HB 347—Sports Wagering/Horse Racing Wagering
HB 347 is a bipartisan bill that legalizes and regulates mobile and online sports betting as well as betting on horse racing. The Lottery Commission is responsible for the implementation and regulation of this industry. In the House, the final vote for the bill did not fall along party lines but rather split both the Republican and Democratic Caucuses. In the Senate, HB 347 received bipartisan support with its passage. The Governor signed the bill into law in June at a ceremonial event in Charlotte, with a group of bipartisan legislators and representatives from professional sports organizations in attendance. Under HB 347, mobile sports betting and horse racing wagering become effective January 8, 2024.
With a new state Supreme Court in place based on the 2022 elections, the state’s highest court reversed a previous redistricting ruling this spring in Harper v. Hall. The state Supreme Court held that partisan gerrymandering claims present a political question and not one for the state’s judiciary to decide under the North Carolina Constitution. As a result of this reversal, the Court held that the General Assembly may draw new legislative and congressional maps this year rather than continue to use the prior court-ordered maps.
In late September, the Joint House and Senate Redistricting Committees gathered public comments for the 2023 redistricting process with three meetings held across the state. The House and Senate finalized the maps in late October, prior to the candidate filing deadline that begins December 4 and ends on December 15.

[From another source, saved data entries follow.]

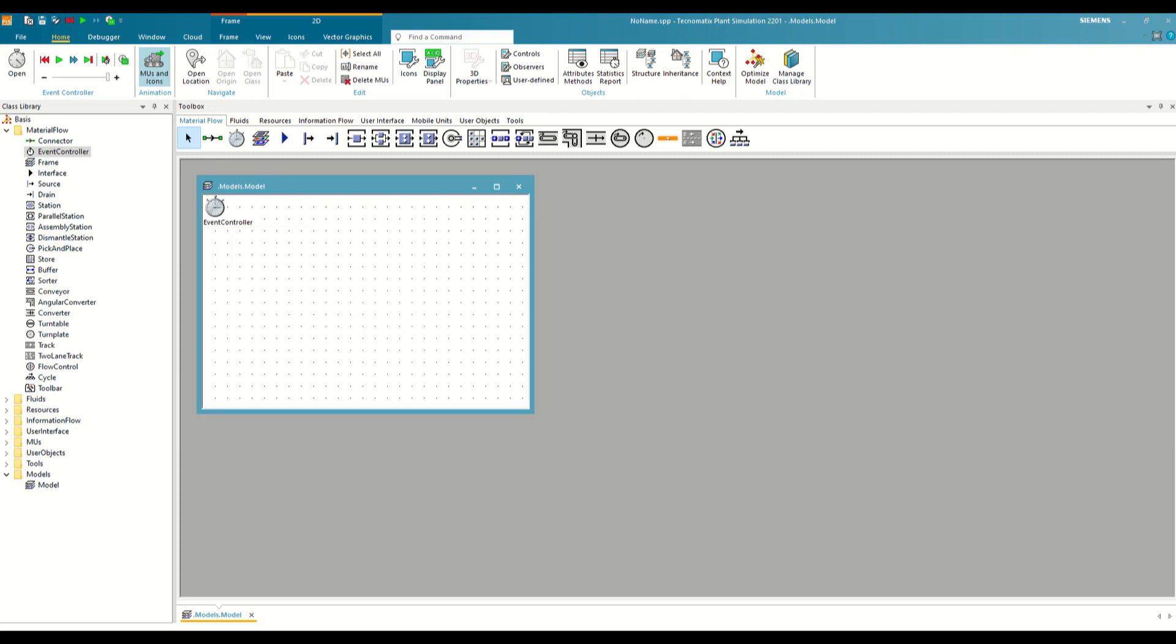Good morning and welcome back to this series of tutorials on Plant Simulation. After reviewing how the program interface and class library work in the previous video, we can now start creating our first simulation models.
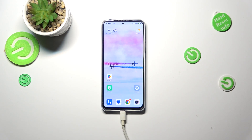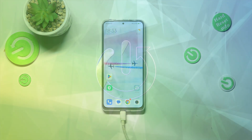Hi everyone. In front of me I've got a Redmi Note 11 Pro, and let me share with you how to reset network preferences on this device.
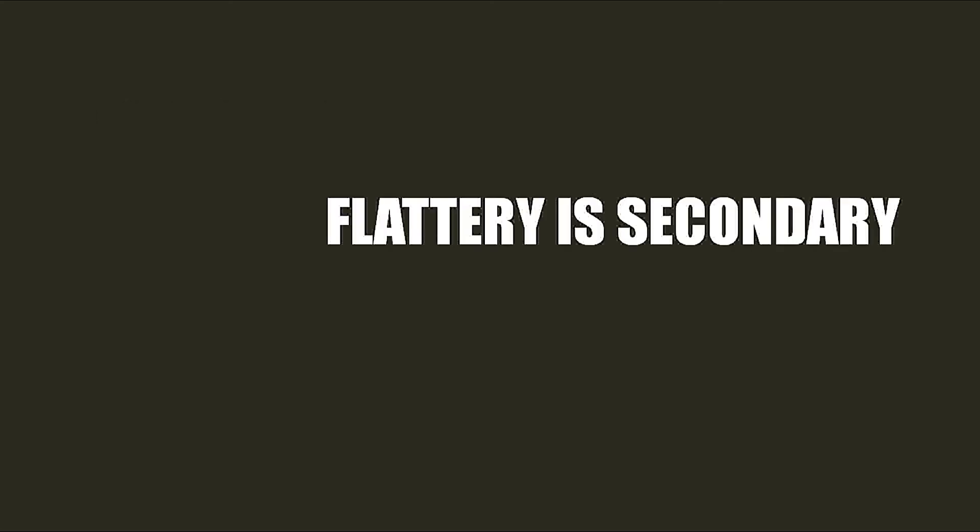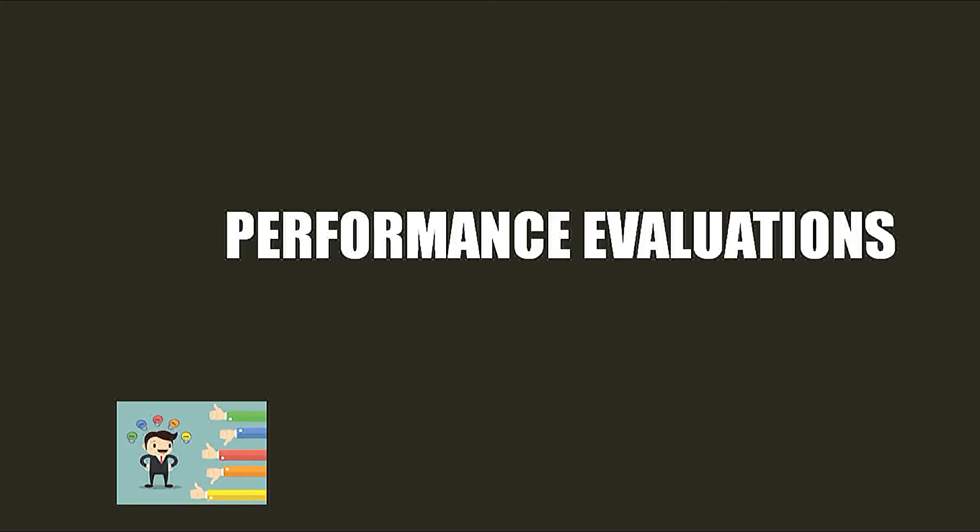On the other hand, in case of performance evaluation, flattery works but self-promotion backfires. You can use flattery to impress your boss into giving you a much better rating, but you cannot just say that my work is more important and I am doing more than others because your boss knows what you have been doing. And that is the end of this topic.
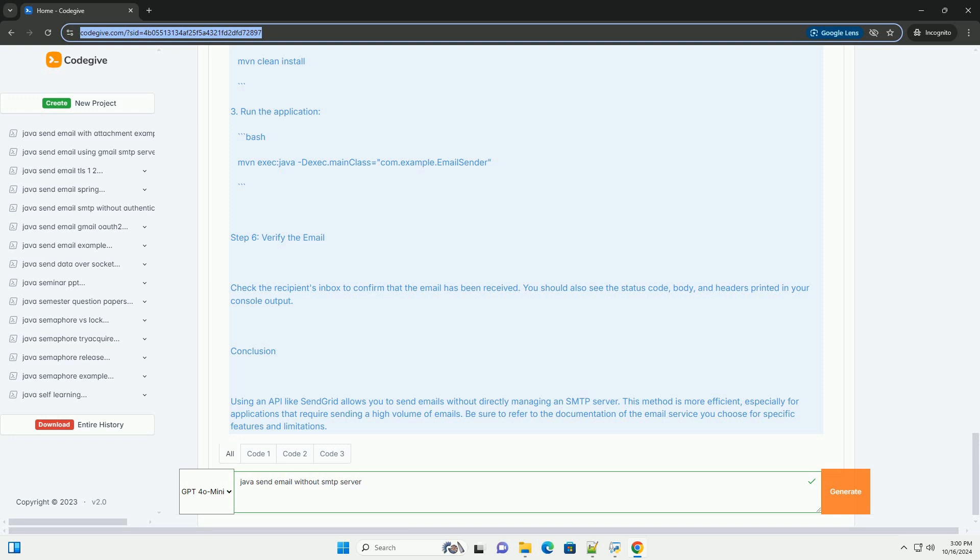Conclusion: Using an API like SendGrid allows you to send emails without directly managing an SMTP server. This method is more efficient, especially for applications that require sending a high volume of emails. Be sure to refer to the documentation of the email service you choose for specific features and limitations.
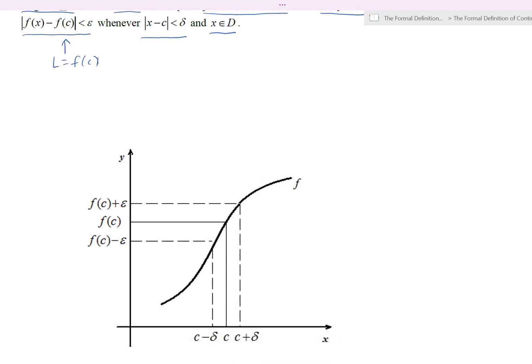Here's a visualization to help us understand — very similar to what we saw for a limit. Here c is in the domain of the function, the function is defined at c, and we can make a delta neighborhood around c. While we do that, we have an epsilon neighborhood around f of c. It doesn't matter which epsilon we pick — we can always find some delta so that whenever we make a delta neighborhood around c in the x direction, there is a corresponding epsilon neighborhood in the output direction around f of c.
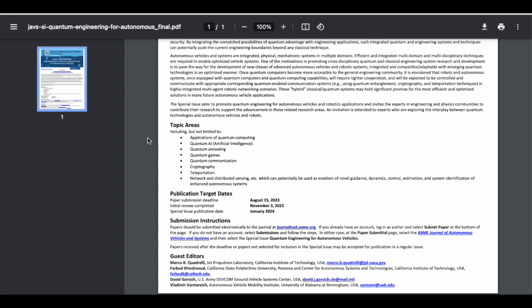Topic areas included but not limited to: applications of quantum computing, quantum AI, quantum annealing, quantum games, quantum communication, cryptography, teleportation, network and distributed sensing. Looking at calls like this is also a great way to reinvigorate your relationship with your field. You've probably been taking coursework that's a little more broad and basic during your undergraduate studies. But here, they're open to conversation about teleportation, which is frankly kind of exciting that we're thinking about things like this in a serious academic context.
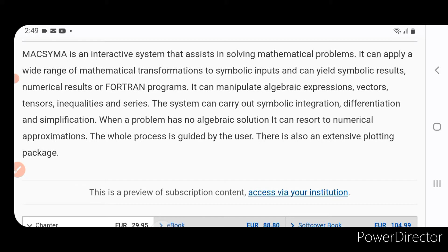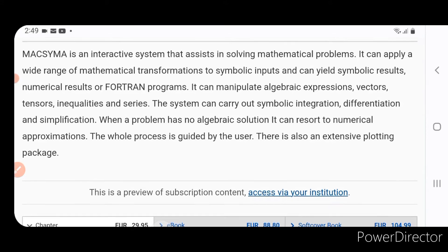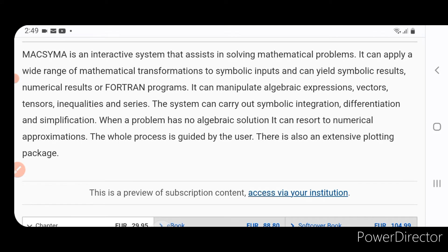It can apply a wide range of mathematical transformations to symbolic inputs and can yield symbolic results, numerical results, or Fortran programs. It can manipulate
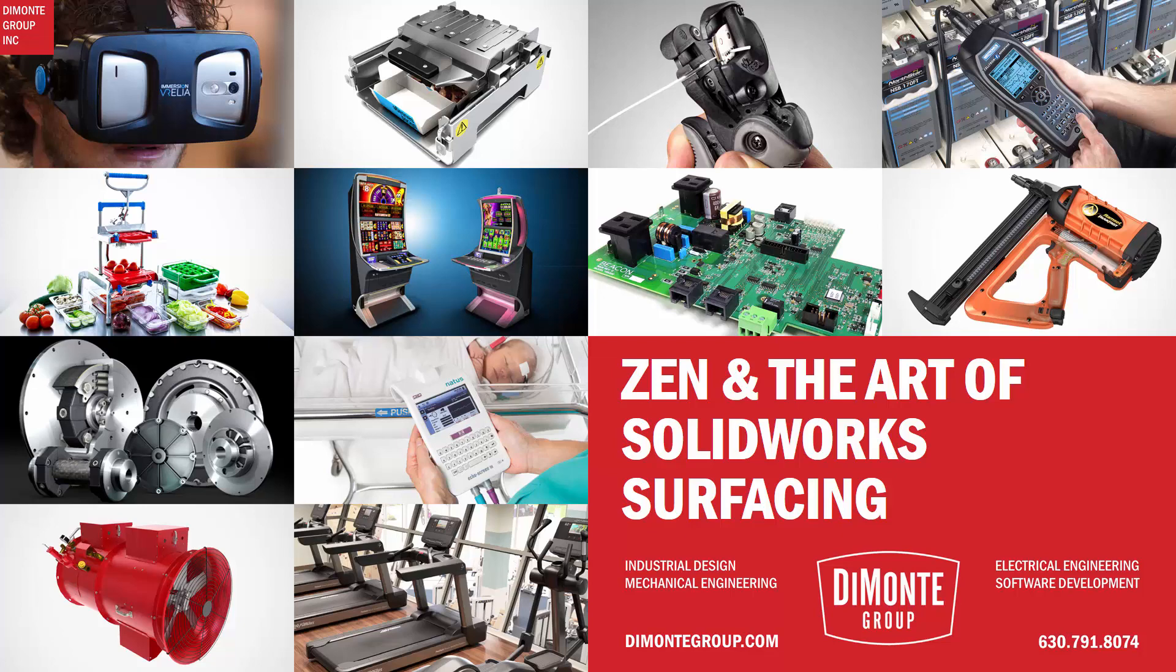Well hello everyone and welcome to Zen and the Art of Solidworks Surfacing, presented by the DeMonte Group. My name is Andrew Lowe, I'm a senior industrial designer and have been using Solidworks for almost 15 years now.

The maps coming out of this year’s redistricting process will shape the 2024 elections and legislative elections for the rest of the decade. In addition, these maps may decide who will control the U.S. Congress.
The map for the state House, which was drawn by a map-making consultant, includes 68 Republican-leaning districts, 45 Democratic-leaning districts and seven toss-up seats. In order to maintain a veto-proof majority, House Republicans will need to win 72 out of the 120 seats. The state Senate map includes 29 Republican-leaning districts, 18 Democratic-leaning districts and three toss-up seats. Senate Republicans will need to keep 30 out of the 50 Senate seats in order to maintain a supermajority.

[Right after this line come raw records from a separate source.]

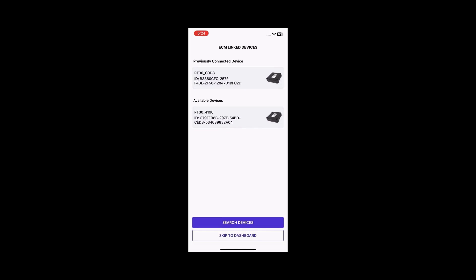On the ECM Linked Devices page, you will notice two sections: Previously Connected Devices and Available Devices. This helps you recognize previously connected devices and proceed with minimal effort.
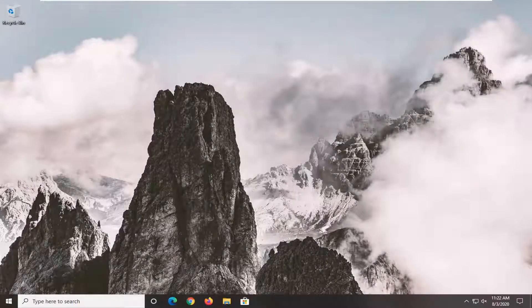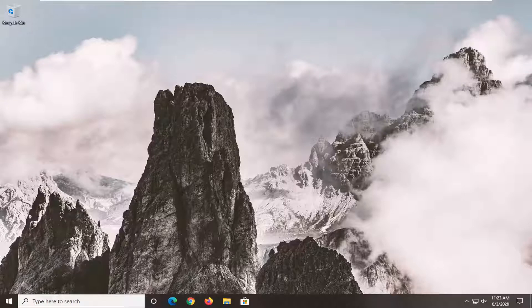Hello everyone, how are you doing? This is MD Tech here with another quick tutorial. In today's tutorial I'm going to show you guys how to both clear and disable your activity history in Windows 10.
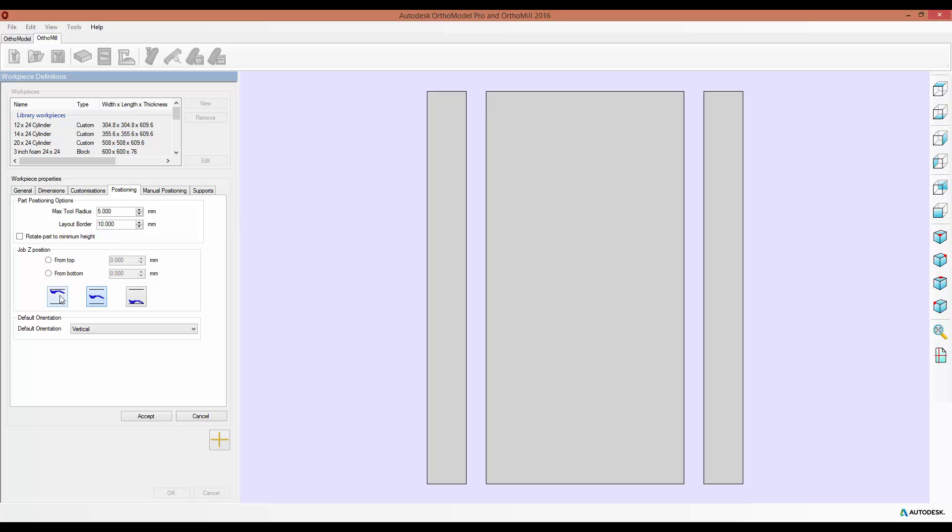However, now you can select to have the default at the top, or at the bottom, or a set distance from the top or the bottom. Now take note that these are only the defaults, and you can still change these for each part that you make.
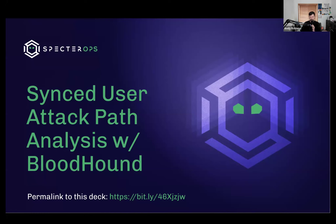We're going to wait a couple more minutes to let people join. On the screen there is a link you can use if you want to follow along with the deck. There are links in the deck as well, so it'll be a lot easier to click on those if you bring up the deck. I'd encourage you to navigate to the Bitly link shown so you can follow along.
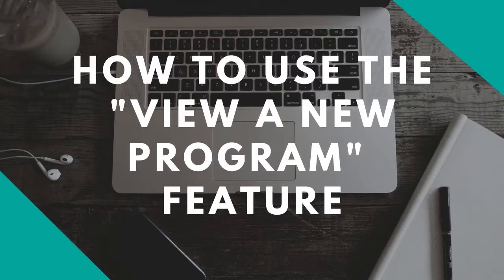Hello there! In this video tutorial we are going to go over how you can use the view a new program feature on student planning.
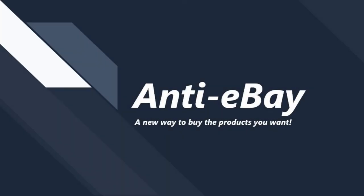Hello and welcome to our demo showing off our website, Anti-eBay, a new way to buy the products you want.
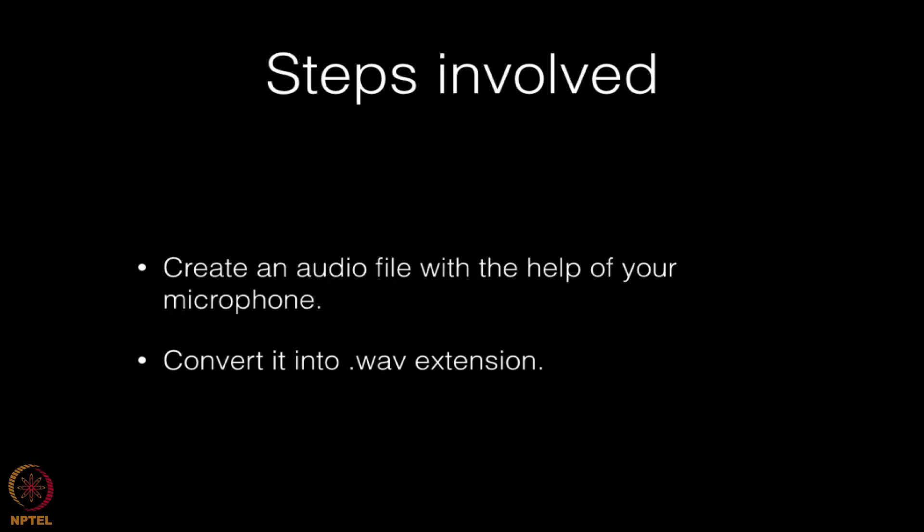Your audio file can be converted to .wav extension online. There are many sources readily available. You can easily convert your audio file into .wav extension.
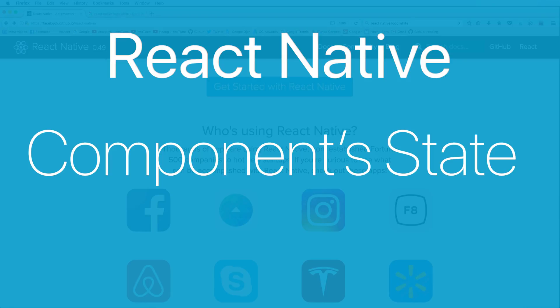Hi everybody, today I will talk about how to use state in React Native components.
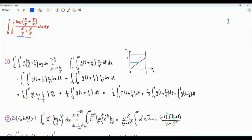Bismillahirrahmanirrahim. The integrand in our first integral is a function of x over y plus y over x. Let's see how to reduce those double integrals into single integrals. Consider g that depends on x over y plus y over x.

Based on a previous map drawn by court-appointed special masters, there is a 7-7 split among Democrats and Republicans in the North Carolina delegation for the U.S. House of Representatives. The General Assembly’s newly drawn congressional map includes a possible partisan split of 11-3 favoring Republicans or a potential 10-3 split with one competitive district.
Governor Roy Cooper and House and Senate Democrats spoke out against the maps and criticized the redistricting process as a whole. However, under the state Constitution, redistricting bills are not subject to a gubernatorial veto; therefore, only a simple majority in the House and Senate was needed for the three redistricting bills to become law. Democrats are likely to challenge the new maps in federal court.

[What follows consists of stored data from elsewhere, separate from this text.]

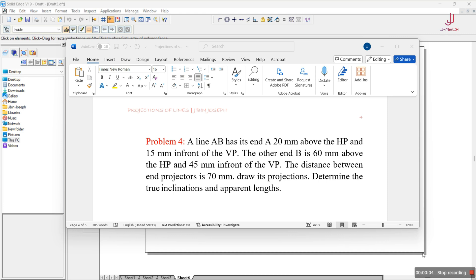Hi everyone, today let's try to solve another problem on projections of lines — it's the fourth problem. The question is: a line AB has its end A 20mm above the HP and 15mm in front of the VP. The other end B is 60mm above the HP and 45mm in front of VP. The distance between end projectors is 70mm. Draw its projections and determine true inclination and apparent length.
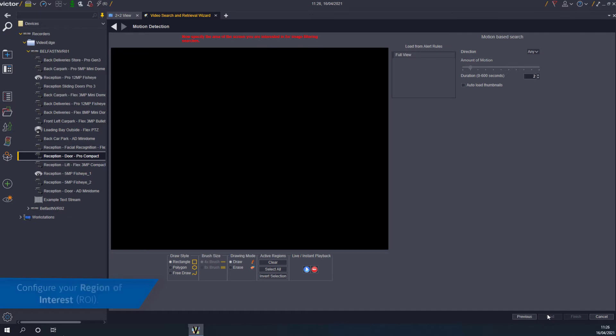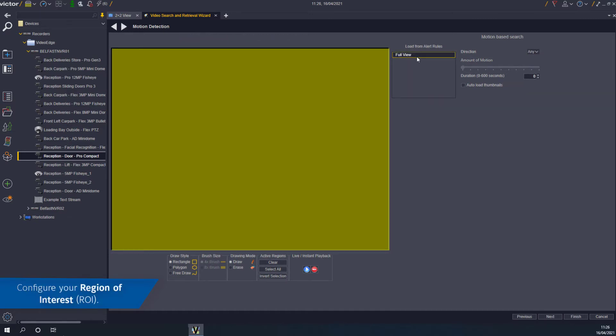Configure your region of interest, then click Next or Finish.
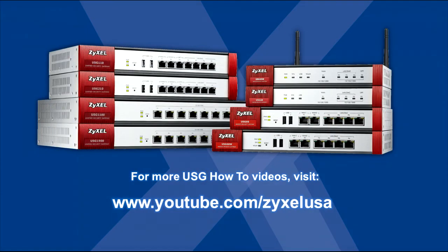For more USG how-to videos, see our YouTube channel at www.youtube.com forward slash ZyxelUSA.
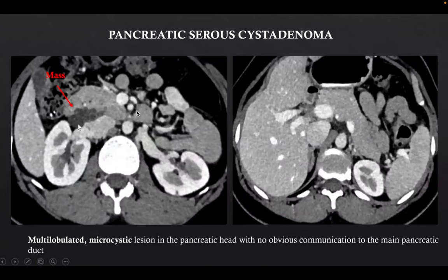This was a case of pancreatic serous cystoadenoma. We can see a multilobulated microcystic lesion in the pancreatic head with no obvious communication to the main pancreatic duct.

The new state House map can be found here, and the new state Senate map can be found here. The congressional map for the 14 districts can be found here.
Adjournment and The 2024 Short Session
Under SJR 760—Adjournment Resolution, the North Carolina General Assembly adjourned on October 25 and will return monthly until the start of next year’s short session. The House and Senate will hold two days of sessions a month, beginning Wednesday, November 29 at 12pm. During these monthly sessions, the two chambers can only consider select matters such as veto overrides, bills related to election laws or bills responding to litigation challenging the legality of legislative enactments.
In accordance with the adjournment resolution, the General Assembly will formally convene the 2024 short session on April 24, 2024.